DIRECTIONS: Quote exactly, and only, the lines of the material below from the line with "3 gites à la" through the line with "Building Photo - 801 Oak Dr".

INFORMATION GIVEN:
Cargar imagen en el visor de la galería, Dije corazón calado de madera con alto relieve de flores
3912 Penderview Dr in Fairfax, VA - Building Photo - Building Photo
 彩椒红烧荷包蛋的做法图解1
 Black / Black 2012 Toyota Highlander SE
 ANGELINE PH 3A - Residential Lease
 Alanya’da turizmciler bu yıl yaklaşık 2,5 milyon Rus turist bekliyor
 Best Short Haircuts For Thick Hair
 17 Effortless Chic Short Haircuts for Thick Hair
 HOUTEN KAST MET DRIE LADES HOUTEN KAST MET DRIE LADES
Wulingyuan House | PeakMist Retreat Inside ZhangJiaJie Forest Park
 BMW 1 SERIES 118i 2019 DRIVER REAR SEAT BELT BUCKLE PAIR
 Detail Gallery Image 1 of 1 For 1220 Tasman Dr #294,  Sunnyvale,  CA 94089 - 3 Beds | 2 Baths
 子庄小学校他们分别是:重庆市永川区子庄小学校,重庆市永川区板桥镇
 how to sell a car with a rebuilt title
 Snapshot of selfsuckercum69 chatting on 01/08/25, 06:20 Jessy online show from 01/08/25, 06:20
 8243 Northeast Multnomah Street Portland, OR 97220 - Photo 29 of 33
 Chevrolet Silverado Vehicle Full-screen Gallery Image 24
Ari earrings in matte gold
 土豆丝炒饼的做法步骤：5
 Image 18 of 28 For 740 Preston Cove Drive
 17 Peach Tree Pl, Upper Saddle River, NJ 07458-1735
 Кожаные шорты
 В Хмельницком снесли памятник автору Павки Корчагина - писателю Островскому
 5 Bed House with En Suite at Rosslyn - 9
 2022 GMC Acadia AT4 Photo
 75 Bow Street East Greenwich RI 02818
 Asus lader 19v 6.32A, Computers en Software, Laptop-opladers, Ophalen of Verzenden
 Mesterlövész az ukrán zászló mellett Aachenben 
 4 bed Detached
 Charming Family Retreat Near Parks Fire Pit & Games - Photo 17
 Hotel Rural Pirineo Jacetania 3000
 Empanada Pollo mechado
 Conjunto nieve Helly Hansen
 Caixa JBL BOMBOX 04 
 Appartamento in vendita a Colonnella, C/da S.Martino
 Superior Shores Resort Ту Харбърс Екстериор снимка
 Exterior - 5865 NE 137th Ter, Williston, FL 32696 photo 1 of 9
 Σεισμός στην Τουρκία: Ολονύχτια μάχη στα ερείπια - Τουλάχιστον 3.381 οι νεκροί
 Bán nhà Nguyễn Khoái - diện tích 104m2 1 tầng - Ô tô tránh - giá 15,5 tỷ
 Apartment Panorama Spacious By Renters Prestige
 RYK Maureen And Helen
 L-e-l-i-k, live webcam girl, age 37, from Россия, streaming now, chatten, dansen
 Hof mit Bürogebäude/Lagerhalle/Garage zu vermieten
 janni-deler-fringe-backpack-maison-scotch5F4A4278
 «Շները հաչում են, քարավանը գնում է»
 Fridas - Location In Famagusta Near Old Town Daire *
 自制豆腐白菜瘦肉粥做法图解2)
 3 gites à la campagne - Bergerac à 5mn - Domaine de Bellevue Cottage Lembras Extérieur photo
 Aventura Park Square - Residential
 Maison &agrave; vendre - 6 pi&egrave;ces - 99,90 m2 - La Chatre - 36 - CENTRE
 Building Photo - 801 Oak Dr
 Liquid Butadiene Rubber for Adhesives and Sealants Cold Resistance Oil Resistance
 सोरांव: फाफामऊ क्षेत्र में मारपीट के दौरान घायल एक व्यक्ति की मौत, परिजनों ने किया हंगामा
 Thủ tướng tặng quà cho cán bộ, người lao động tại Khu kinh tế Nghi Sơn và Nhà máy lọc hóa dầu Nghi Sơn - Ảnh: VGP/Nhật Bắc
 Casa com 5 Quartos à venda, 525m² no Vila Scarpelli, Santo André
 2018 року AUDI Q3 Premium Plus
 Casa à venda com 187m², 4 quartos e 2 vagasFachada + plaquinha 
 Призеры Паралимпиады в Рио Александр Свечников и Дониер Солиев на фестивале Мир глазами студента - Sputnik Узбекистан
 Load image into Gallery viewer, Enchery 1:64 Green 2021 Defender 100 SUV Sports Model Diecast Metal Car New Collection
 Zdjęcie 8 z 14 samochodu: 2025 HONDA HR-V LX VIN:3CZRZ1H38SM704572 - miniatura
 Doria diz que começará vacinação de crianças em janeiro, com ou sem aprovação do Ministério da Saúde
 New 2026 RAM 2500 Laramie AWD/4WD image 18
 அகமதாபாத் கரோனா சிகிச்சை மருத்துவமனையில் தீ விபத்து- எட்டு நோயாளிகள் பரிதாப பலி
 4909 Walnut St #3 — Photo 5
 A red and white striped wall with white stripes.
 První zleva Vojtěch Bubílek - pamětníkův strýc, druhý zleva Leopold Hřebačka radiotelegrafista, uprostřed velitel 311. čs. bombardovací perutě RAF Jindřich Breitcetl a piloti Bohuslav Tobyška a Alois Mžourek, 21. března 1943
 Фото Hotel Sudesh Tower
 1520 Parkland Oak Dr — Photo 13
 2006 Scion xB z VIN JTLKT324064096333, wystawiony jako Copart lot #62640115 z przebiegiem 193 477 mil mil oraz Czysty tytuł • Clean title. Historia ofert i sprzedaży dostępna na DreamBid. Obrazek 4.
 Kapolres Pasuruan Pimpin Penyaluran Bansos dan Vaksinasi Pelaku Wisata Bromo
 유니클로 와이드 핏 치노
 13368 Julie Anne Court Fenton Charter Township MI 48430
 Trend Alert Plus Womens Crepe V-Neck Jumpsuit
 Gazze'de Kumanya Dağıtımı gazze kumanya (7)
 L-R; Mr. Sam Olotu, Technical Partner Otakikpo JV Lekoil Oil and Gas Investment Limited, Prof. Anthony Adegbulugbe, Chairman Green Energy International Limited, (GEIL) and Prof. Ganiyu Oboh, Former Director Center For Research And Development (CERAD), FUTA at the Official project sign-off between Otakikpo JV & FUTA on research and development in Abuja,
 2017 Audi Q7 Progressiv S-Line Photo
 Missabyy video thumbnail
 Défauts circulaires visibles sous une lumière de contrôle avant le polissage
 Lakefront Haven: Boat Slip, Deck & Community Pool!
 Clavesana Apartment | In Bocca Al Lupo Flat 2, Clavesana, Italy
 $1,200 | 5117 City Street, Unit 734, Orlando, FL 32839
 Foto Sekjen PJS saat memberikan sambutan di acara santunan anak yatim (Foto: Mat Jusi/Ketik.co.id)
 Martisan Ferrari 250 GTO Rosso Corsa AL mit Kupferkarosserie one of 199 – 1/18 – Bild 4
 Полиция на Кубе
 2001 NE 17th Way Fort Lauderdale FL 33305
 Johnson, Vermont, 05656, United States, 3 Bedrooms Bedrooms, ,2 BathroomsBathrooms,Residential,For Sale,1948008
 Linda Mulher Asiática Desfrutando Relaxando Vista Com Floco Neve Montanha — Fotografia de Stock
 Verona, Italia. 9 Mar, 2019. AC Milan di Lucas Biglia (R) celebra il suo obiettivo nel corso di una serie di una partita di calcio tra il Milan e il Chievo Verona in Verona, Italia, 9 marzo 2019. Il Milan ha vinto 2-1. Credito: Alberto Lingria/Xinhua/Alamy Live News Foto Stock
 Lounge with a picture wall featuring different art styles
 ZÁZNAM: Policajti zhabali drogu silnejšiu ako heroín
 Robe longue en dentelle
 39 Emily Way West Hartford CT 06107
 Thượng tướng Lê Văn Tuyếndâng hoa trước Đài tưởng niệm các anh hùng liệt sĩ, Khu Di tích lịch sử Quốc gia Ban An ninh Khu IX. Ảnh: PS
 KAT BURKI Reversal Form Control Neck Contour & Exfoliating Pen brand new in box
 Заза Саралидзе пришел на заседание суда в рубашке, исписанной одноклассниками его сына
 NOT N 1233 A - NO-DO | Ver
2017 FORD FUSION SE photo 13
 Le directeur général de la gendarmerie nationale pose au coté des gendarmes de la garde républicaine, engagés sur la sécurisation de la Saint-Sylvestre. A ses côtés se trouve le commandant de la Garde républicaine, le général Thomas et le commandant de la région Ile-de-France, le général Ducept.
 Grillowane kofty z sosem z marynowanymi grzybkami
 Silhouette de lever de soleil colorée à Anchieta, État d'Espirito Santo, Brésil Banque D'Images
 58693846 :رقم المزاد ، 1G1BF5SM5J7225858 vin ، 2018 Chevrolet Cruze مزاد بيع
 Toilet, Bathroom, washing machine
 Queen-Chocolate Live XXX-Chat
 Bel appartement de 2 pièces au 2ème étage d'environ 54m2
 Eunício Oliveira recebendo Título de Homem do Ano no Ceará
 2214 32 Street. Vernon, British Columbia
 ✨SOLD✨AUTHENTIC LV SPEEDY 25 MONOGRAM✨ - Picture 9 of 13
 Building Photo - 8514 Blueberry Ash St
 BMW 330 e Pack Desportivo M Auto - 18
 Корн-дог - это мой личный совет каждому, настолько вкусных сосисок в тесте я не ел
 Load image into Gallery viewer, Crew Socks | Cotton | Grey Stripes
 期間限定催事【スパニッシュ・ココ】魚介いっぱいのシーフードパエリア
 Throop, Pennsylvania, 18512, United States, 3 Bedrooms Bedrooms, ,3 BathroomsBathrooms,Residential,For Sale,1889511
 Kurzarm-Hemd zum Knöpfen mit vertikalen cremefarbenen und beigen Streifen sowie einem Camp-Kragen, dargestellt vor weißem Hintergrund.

RESPONSE TO THIS EXERCISE:
 3 gites à la campagne - Bergerac à 5mn - Domaine de Bellevue Cottage Lembras Extérieur photo
 Aventura Park Square - Residential
 Maison &agrave; vendre - 6 pi&egrave;ces - 99,90 m2 - La Chatre - 36 - CENTRE
 Building Photo - 801 Oak Dr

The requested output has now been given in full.